### Exercise data

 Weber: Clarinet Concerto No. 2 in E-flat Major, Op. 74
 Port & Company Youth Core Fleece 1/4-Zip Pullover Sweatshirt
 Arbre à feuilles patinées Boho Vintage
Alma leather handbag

* * *

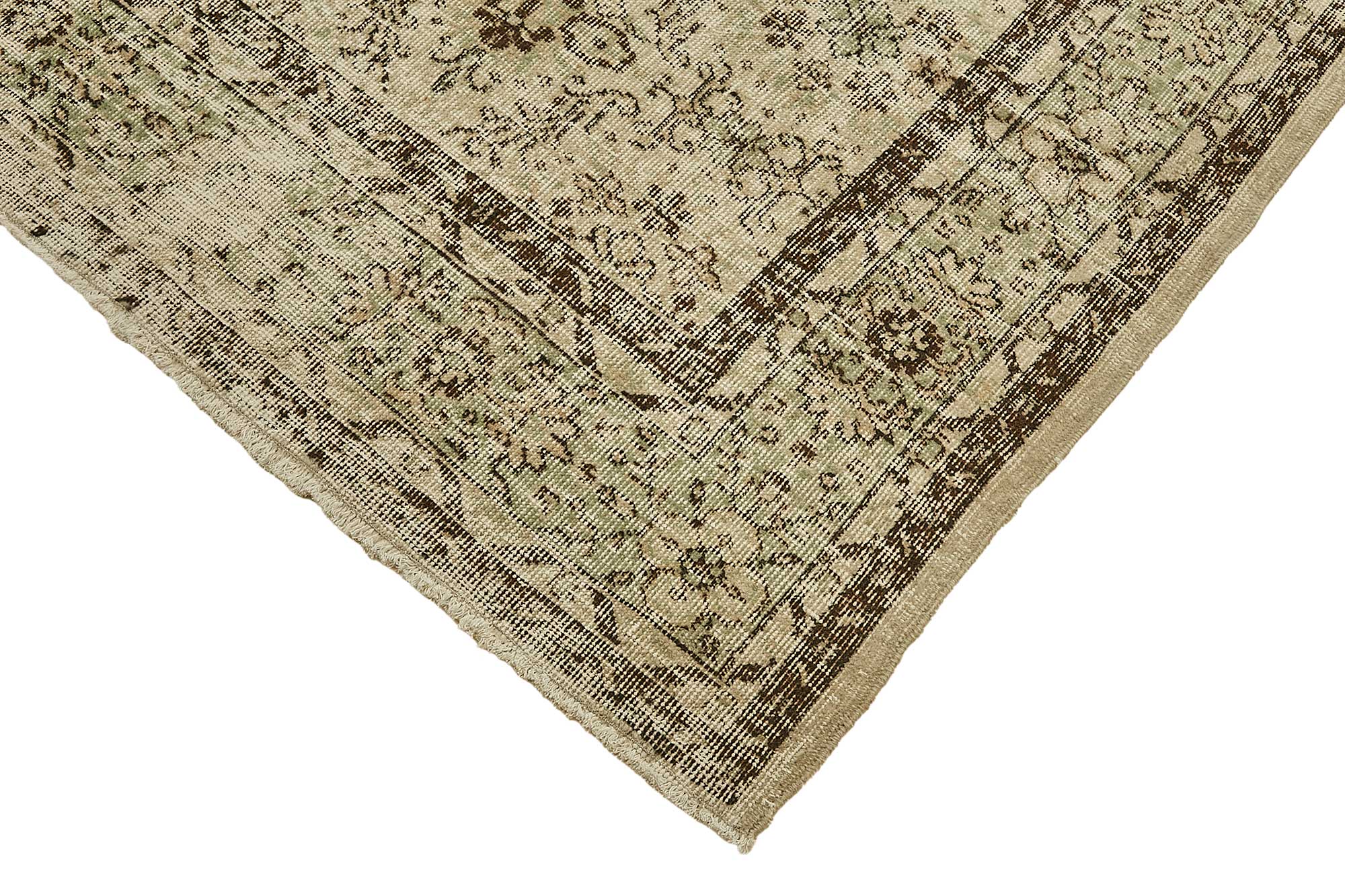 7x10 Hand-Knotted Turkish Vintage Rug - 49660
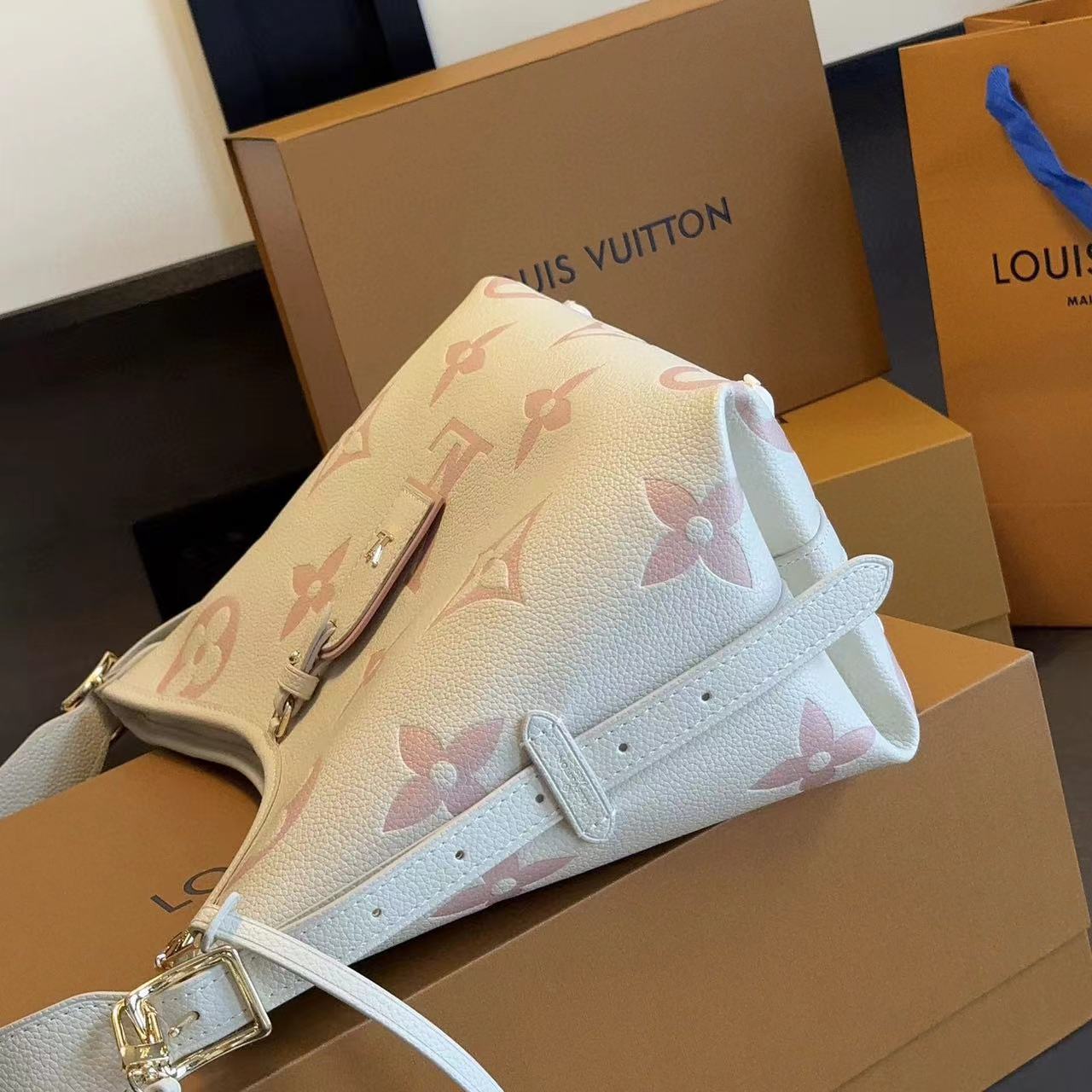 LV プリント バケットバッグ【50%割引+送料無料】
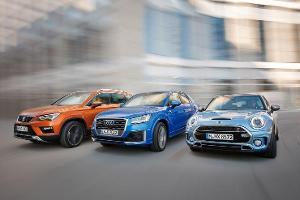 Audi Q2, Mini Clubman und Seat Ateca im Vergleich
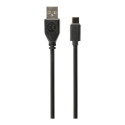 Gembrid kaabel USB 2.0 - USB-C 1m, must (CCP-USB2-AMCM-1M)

* * *

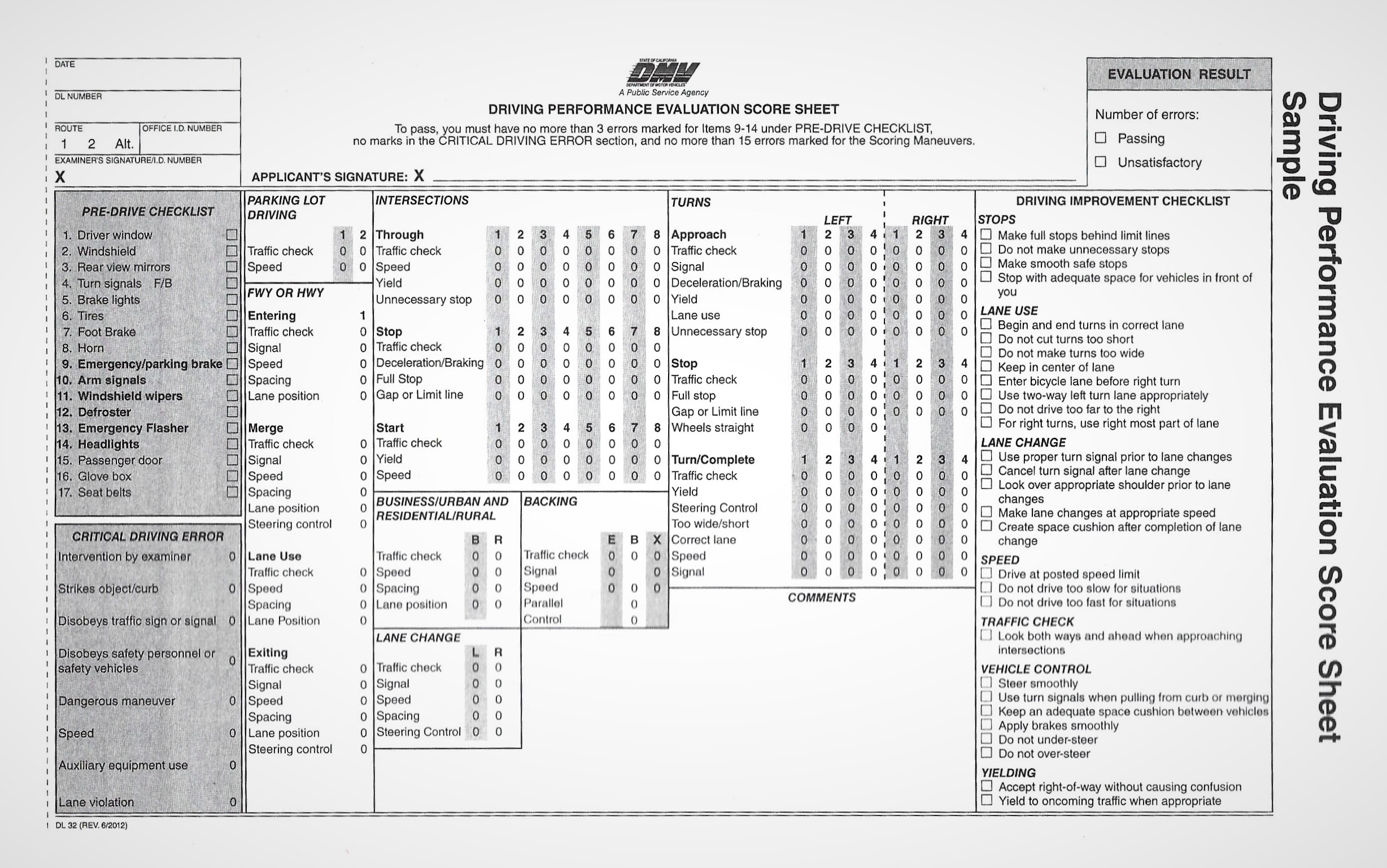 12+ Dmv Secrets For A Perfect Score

### Instructions to follow
Going by the data above, the answer is exactly the lines from the one holding "Audi Q2, Mini" to the one holding "Gembrid kaabel USB", both kept, with the pictures left out.

### Solution for this task
 Audi Q2, Mini Clubman und Seat Ateca im Vergleich
 Gembrid kaabel USB 2.0 - USB-C 1m, must (CCP-USB2-AMCM-1M)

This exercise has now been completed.